Salut Olivier et... grand merci pour cette critique élogieuse ;o)

Ah, la nature de la géopolitique, grande question ! Personnellement, je suis de la "vieille école" : la géopolitique est une épistémologie des rapports politiques rapportés/soumis au territoire. Eviter une soumission/détermination excessive au territoire exige d'en rester à une vsion globale, presque étherée. En ce sens, elle est effectivement peu évolutive (sur les histoires de géopo des flux, d'ailleurs, il s'agit plus d'un ultime apex, à la frontière avec les relations internationales).

En deçà de la vision globale, on tombe, selon moi (mais l'article du DSI revient plus avant sur cette question) dans des relations internationales/études de politique étrangère qui ne sont pas qu'une série de paradigmes ultra-théoriques en compétition ;o)

Ouh, ça sent le débat ;o)))) Bonne rentrée à toi !

égéa : tiens, j'ai un article à te proposer dans DSI sur le sujet, si ça te dis. Ou encore, ce que tu n'as jamais fait : un débat ?

2. Le samedi 20 août 2011, 19:31 par Midship

Bon, j'ai une question naïve. Sachant que lire prend du temps, il faut faire des choix. Faut-il donc lire le livre de JH ou la Diplomatie navale de Hervé Coutau-Bégarie ?

Prenons un jeune officier de marine au hasard. Lequel des deux livres faut-il lui mettre dans la caboche ?

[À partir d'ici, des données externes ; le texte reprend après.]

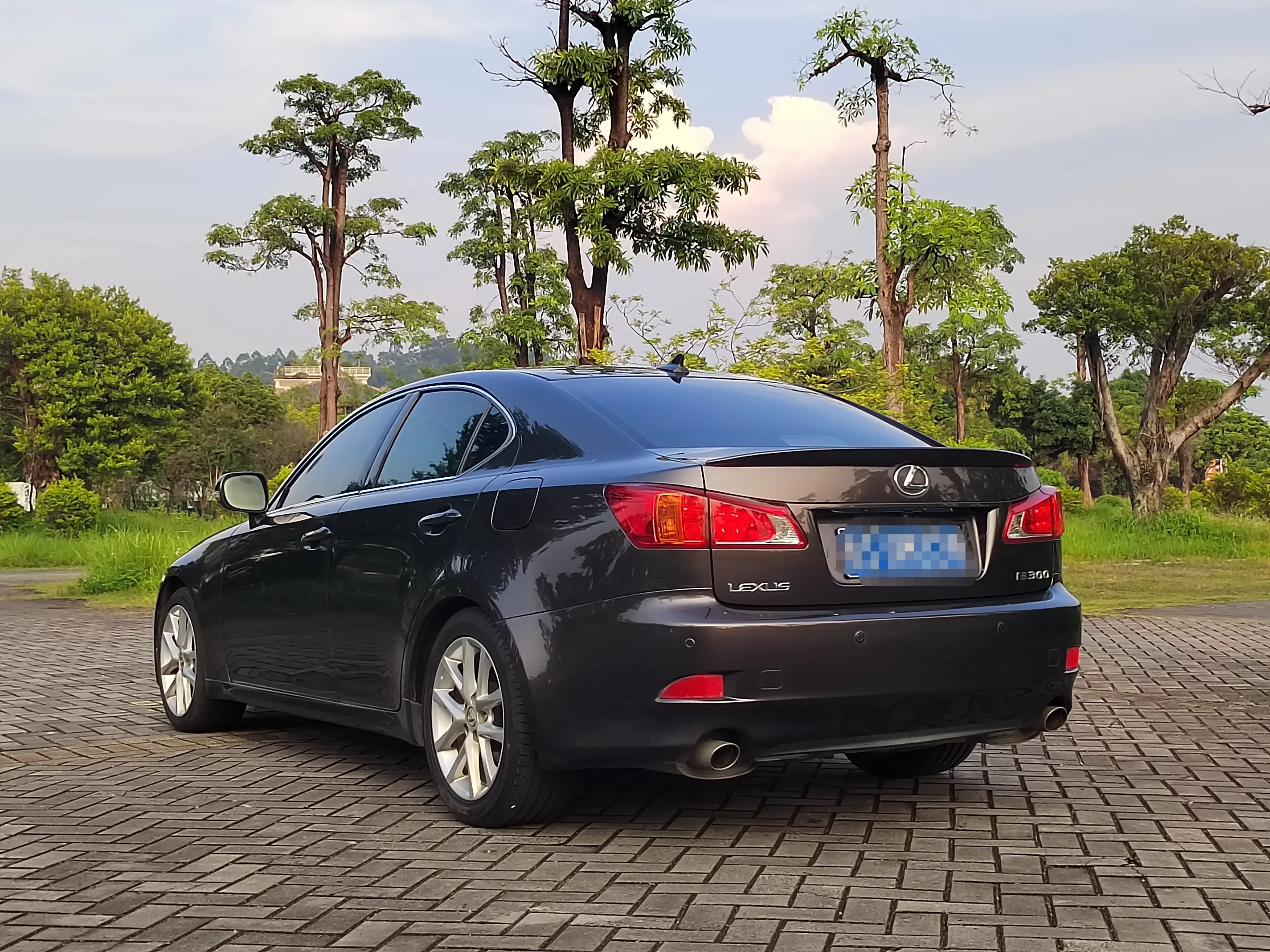 Lexus IS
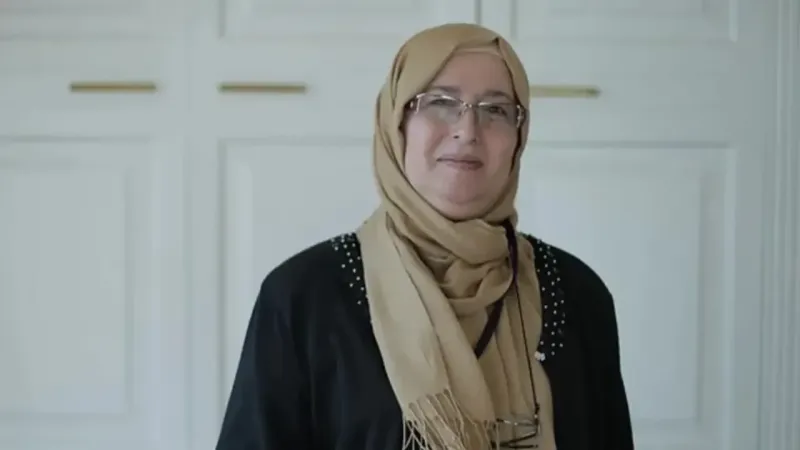 Ünlü yazardan Diyanet'e tepki! Başörtüsünü çıkaracağını açıkladı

égéa : eh behhhhh ! voilà une question qu'elle est bonne ! techniquement, diplo navale fait un chapitre d'henrotin et tout le  livre de HCB. MAis c'est aussi une des missions les plus actuelles. Bref, je commencerait par Henrotin, et ensuite je creuserai avec HCB. Mais je ne l'ai pas lu, donc mon conseil est drôlement partial....

3. Le samedi 20 août 2011, 19:31 par

Le livre d'HCB, que j'ai commencé à lire, est plutôt fait pour construire une politique de diplomatie navale. Je ne l'ai pas lu en entier, mais je crois bien sentir qu'il dépasse par l'ampleur de ses enseignements (claque sur claque page après page) l'action du seule navire. Je te conseillerais de commencer par Les fondements en premier lieu.